Hill embraced his parents’ religious beliefs in adolescence, while taking any opportunity to engage in feverish, guilt-filled masturbation. Later, after going to study at Oxford, he read Dawkins, renounced God and committed fully to drugs instead. The Welsh actor Daniel Hawksford provides a richly textured narration, conveying the absurdities of Hill’s evangelical upbringing and the agony and chaos of his addiction. From an explosion of withdrawal-induced diarrhoea at the aforementioned funeral to trying to score drugs in Bethlehem, Original Sins is full of moments of dark farce.
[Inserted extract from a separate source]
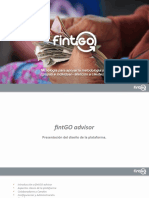 fintGO-advisory -product definition v9
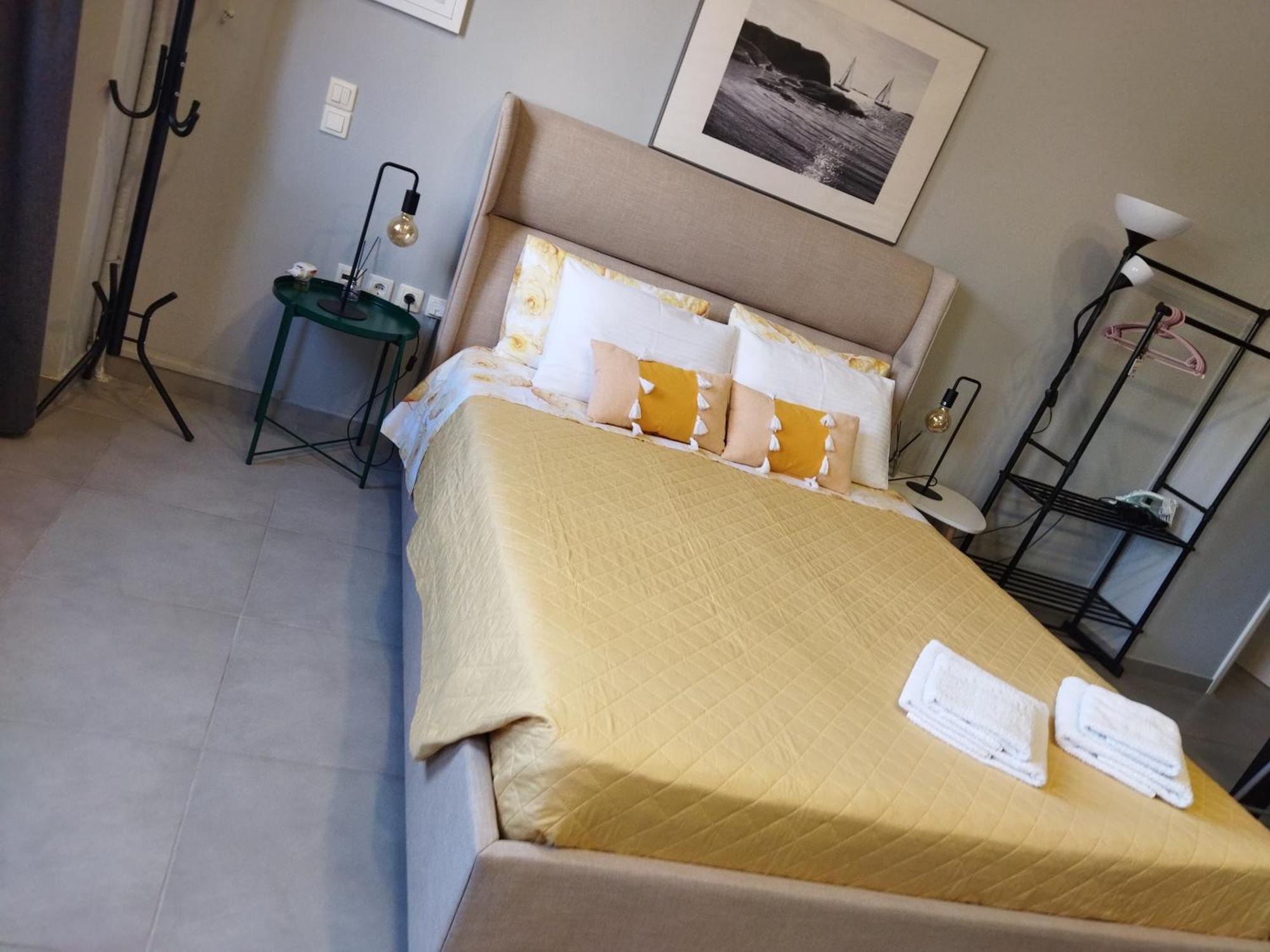 Cozy Near To The Airport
But the humanity and pathos in Hill’s writing ensures that we never stop rooting for him.
• Original Sins is available from Penguin Audio, 9hr 38min.
Further listening
A Death in the Parish
Reverend Richard Coles, Weidenfeld & Nicolson, 8hr 25min
Read by the author, the second in Coles’s Canon Clement series sees the lives of the residents of Champton turned upside down following a ritualistic killing.
More Than a Woman
Caitlin Moran, Penguin Audio, 9hr 32min
In her second look at womanhood, the author of the bestseller How to Be a Woman deploys her winning humour to talk hangovers, smear tests, teenagers, ageing parents and the tyranny of the to-do list.